TikTok is owned by Chinese company ByteDance, which in turn has links to the ruling Chinese Communist Party (CCP) and its military and surveillance operations, prompting ongoing national-security concerns over the Chinese government’s access to the personal data of TikTok’s American users.

The issue was the subject of congressional hearings last week, during which CEO Shou Zi Chew faced harsh questioning from Republicans and Democrats alike. President Joe Biden has endorsed prohibiting the platform in the United States unless ByteDance sells it to a U.S. owner.

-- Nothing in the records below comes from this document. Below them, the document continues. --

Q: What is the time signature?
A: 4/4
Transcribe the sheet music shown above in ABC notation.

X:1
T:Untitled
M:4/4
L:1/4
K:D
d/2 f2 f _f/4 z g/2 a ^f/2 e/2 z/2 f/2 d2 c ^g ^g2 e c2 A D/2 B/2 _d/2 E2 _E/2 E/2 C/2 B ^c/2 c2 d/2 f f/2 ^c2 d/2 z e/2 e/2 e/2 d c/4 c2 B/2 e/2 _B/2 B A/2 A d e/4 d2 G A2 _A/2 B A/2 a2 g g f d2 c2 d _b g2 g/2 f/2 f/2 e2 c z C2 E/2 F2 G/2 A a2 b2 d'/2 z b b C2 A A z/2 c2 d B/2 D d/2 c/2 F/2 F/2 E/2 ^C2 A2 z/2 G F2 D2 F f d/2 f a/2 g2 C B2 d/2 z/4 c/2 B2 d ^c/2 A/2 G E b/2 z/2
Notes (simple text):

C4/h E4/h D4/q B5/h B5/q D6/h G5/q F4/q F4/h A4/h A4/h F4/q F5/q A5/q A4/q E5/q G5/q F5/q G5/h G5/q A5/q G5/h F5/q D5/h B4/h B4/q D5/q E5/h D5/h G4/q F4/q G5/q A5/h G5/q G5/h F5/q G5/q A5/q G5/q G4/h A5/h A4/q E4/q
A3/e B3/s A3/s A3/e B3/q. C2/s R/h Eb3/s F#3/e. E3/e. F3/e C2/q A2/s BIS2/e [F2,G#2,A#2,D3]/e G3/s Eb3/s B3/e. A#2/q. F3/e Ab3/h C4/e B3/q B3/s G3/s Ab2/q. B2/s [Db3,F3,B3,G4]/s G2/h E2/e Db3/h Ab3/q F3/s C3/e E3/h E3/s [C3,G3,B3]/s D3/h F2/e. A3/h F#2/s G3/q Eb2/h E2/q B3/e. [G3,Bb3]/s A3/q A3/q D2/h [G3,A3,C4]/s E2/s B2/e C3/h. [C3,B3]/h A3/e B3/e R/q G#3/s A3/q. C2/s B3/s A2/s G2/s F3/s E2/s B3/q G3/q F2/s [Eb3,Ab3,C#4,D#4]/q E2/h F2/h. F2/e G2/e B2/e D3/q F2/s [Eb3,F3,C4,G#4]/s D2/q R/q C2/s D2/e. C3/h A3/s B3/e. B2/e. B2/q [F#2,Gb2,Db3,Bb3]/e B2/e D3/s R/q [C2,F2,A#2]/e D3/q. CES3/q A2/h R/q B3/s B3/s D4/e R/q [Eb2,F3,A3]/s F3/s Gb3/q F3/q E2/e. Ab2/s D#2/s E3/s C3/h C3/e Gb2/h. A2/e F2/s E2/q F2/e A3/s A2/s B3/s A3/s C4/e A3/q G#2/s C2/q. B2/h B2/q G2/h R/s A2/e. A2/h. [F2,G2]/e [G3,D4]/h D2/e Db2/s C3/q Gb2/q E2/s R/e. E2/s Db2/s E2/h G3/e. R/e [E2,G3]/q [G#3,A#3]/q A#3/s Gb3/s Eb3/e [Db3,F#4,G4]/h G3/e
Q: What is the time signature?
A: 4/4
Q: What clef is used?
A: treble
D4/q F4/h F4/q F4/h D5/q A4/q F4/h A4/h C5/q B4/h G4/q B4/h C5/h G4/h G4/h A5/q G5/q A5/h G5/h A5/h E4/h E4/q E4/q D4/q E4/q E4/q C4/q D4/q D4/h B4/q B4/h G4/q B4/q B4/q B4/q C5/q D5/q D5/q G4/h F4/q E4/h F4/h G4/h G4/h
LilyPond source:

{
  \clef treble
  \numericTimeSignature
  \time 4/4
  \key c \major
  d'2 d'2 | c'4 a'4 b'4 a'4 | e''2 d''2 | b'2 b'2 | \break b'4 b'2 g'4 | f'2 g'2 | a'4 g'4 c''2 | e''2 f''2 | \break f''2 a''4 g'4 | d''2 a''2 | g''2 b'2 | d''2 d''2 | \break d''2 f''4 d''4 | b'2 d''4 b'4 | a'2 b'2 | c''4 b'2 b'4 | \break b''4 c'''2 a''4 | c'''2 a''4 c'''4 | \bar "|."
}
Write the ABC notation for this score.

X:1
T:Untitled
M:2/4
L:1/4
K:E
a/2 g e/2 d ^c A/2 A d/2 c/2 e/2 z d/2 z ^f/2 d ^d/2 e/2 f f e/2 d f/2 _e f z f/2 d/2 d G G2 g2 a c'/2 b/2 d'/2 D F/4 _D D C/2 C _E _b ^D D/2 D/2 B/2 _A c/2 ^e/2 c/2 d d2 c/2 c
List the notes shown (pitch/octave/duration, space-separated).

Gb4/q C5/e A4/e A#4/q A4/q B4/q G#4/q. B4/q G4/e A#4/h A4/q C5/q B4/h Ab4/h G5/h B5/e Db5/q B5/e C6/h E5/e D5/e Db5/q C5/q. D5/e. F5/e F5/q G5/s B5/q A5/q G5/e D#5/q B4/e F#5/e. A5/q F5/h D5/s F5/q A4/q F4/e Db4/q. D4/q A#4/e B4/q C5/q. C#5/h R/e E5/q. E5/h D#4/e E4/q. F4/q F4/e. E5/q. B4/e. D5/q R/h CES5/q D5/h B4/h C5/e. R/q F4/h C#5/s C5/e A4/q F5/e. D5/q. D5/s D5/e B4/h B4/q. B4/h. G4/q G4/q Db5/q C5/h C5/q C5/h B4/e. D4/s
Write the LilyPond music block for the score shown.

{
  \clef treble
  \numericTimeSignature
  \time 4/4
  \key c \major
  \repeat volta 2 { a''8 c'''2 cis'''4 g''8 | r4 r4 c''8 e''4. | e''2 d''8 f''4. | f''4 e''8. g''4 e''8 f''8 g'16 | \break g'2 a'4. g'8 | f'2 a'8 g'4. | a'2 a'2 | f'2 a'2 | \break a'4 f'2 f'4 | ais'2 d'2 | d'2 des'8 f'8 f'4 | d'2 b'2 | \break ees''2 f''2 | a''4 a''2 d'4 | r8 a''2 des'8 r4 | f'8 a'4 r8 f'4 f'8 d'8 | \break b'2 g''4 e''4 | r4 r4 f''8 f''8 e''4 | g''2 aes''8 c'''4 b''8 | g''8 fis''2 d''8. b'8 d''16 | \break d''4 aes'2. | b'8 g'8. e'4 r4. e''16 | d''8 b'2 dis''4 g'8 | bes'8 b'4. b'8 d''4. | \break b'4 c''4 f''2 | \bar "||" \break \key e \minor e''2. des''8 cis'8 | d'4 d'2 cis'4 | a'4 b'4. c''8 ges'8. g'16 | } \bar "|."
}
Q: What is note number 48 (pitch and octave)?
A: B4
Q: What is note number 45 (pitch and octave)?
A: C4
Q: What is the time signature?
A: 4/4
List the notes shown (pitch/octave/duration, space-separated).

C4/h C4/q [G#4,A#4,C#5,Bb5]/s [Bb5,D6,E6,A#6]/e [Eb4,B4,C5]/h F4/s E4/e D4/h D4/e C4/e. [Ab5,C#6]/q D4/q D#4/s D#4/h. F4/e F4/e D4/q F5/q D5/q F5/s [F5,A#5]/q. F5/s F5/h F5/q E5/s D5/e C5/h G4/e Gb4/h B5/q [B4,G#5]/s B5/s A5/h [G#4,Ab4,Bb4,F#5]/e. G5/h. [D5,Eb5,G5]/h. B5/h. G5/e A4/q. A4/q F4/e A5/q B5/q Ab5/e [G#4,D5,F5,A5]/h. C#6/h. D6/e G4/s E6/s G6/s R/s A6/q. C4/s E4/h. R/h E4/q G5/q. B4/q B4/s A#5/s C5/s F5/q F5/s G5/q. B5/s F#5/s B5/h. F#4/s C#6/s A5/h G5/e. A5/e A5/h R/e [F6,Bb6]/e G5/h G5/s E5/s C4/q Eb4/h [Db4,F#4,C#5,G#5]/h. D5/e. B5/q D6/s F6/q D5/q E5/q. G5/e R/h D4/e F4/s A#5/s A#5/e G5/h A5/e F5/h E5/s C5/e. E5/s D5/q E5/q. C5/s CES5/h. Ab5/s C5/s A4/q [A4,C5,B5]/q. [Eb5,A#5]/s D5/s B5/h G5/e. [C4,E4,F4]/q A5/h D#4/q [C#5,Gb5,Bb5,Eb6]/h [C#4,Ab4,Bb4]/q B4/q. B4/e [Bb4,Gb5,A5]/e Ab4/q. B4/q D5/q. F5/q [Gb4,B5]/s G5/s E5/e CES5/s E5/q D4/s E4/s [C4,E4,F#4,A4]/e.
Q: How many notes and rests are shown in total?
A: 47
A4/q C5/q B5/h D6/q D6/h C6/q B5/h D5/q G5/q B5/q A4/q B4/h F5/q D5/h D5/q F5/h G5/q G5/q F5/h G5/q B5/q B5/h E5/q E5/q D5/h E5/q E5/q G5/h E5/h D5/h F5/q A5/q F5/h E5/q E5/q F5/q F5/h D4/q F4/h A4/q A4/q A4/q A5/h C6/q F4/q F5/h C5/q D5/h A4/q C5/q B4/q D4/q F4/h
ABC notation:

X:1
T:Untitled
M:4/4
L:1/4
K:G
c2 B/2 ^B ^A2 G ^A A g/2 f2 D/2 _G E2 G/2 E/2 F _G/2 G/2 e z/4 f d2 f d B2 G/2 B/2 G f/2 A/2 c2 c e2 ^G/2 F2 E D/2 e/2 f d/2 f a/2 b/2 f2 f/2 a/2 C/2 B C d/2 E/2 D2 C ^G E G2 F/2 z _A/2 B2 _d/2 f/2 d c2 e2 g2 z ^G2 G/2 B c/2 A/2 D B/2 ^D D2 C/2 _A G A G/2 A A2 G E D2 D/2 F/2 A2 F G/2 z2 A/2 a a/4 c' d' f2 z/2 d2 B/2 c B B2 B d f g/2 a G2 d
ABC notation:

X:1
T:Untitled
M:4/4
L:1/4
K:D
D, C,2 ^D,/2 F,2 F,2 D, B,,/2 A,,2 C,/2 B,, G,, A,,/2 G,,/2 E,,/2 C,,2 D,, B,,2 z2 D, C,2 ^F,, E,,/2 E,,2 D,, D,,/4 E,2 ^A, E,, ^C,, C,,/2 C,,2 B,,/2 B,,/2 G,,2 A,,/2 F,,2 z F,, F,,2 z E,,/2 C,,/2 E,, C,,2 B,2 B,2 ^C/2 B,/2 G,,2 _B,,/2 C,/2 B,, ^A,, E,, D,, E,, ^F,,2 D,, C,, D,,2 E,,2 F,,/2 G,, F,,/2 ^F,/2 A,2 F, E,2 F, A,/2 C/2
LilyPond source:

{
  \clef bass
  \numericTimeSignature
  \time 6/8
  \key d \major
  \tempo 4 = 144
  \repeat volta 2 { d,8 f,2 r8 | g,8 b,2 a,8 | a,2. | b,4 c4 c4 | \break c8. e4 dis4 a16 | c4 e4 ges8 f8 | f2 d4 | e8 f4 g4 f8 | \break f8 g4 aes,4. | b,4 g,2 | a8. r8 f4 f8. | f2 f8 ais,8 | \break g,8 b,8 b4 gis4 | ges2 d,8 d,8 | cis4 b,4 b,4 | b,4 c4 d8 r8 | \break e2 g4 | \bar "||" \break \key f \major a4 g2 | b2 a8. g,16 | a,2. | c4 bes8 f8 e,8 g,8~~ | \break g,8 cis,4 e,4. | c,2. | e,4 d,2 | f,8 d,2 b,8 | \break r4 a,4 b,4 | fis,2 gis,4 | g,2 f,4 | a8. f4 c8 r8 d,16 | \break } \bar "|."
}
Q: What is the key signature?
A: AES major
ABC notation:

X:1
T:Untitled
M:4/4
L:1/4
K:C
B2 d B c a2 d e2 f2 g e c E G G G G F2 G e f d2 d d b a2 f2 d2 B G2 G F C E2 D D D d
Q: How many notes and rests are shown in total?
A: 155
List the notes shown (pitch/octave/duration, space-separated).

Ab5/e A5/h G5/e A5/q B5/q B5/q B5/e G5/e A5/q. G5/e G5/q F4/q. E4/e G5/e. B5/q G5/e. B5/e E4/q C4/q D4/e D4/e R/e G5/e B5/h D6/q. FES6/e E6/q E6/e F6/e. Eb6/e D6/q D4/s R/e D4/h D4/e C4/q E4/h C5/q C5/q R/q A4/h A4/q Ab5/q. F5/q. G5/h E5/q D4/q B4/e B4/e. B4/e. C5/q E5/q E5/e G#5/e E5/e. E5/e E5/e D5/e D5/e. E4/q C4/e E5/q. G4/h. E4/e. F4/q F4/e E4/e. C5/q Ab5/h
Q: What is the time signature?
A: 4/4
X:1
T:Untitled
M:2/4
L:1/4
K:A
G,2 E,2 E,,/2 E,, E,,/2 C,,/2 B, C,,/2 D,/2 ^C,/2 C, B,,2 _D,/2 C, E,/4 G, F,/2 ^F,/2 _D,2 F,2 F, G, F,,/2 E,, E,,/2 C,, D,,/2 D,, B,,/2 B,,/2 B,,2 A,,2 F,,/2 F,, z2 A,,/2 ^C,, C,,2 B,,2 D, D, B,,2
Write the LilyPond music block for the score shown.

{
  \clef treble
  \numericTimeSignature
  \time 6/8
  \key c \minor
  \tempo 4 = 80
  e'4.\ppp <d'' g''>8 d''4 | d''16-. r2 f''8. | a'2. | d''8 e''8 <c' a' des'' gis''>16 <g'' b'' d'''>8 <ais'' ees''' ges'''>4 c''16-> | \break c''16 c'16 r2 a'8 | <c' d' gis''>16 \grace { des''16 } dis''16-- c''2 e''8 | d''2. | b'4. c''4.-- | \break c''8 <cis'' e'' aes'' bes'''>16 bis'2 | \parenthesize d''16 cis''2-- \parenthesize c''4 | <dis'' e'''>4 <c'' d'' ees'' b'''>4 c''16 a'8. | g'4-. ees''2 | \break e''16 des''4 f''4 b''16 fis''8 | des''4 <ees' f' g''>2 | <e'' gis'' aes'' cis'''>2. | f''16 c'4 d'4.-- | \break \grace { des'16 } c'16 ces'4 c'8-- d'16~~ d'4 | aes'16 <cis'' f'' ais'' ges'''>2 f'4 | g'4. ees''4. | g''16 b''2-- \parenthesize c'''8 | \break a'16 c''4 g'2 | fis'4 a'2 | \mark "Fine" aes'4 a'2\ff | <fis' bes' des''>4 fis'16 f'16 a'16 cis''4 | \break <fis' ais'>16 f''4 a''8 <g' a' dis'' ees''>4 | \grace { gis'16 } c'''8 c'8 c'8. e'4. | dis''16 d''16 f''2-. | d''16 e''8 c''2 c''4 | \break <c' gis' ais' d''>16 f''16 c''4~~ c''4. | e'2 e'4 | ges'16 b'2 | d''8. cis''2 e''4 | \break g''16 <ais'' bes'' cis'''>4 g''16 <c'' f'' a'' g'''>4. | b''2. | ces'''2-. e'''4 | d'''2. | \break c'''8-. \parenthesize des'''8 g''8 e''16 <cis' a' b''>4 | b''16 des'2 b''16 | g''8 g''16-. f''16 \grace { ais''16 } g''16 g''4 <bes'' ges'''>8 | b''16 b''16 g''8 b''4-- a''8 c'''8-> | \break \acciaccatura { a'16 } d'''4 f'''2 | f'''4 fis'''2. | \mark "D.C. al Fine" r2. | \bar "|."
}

The furor has renewed focus on legislation introduced by Democratic Sen. Mark Warner of Virginia and Republican Sen. John Thune of South Dakota, called the Restricting the Emergence of Security Threats that Risk Information and Communications Technology (RESTRICT) Act. It would empower the federal government to review and ban transactions between Americans and foreign nationals regarding information or communications technologies that are deemed to have national security risks.

Just as TikTok itself has made strange political bedfellows, so too has the bill to ban it.

“This bill would give enormous and terrifying new powers to the federal government to punish American citizens and regulate how they communicate with one another,” said Fox News pundit Tucker Carlson. “Transactions with foreign adversaries would include ‘any acquisition, importation, transfer, installation, dealing in or use of any information and communications technology, product or service, including ongoing activities such as mandated services, data transmission, software updates, repairs, or the provision of data hosting services.” Well, that’s pretty broad.”

“This is not an effort to push back against China,” he argued. “It’s part of a strategy to make America much more like China, with the government in charge of what you read and see and with terrifying punitive powers at their fingertips.”

“As written, the broad language in the RESTRICT Act could criminalize the use of a VPN [virtual private network], significantly impacting access to security tools and other applications that vulnerable people rely on for privacy and security,” tech policy analyst Willmary Escoto told the left-leaning Vice. “Many individuals and organizations, including journalists, activists, and human rights defenders, use VPNs to protect their online activity from surveillance and censorship. The RESTRICT Act would expose these groups to monitoring and repression, which could have a chilling effect on free speech and expression.”

In a statement to Newsweek, Warner spokeswoman Rachel Cohen responded that the bill would only apply to “companies like Kaspersky, Huawei and TikTok that create systemic risks to the United States’ national security, not individual users,” who “must be engaged in ‘sabotage or subversion’ of communications technology in the U.S., causing ‘catastrophic effects’ on U.S. critical infrastructure, or ‘interfering in, or altering the result’ of a federal election in order for criminal penalties to apply.”

Libertarian Republican Sen. Rand Paul of Kentucky and far-left Democratic Rep. Ilhan Omar of Minnesota are among those who have more generally spoken out against banning TikTok.

Other measures proposed on the subject include Texas Republican Rep. Michael McCaul’s Deterring America’s Technology Adversaries (DATA) Act, which would empower the President of the United States the power to block transactions relating to importing or exporting “sensitive data” when national security is implicated, and Missouri Republican Sen. Josh Hawley’s No TikTok on Government Devices Act, which would ban accessing the platform on devices owned by federal agencies.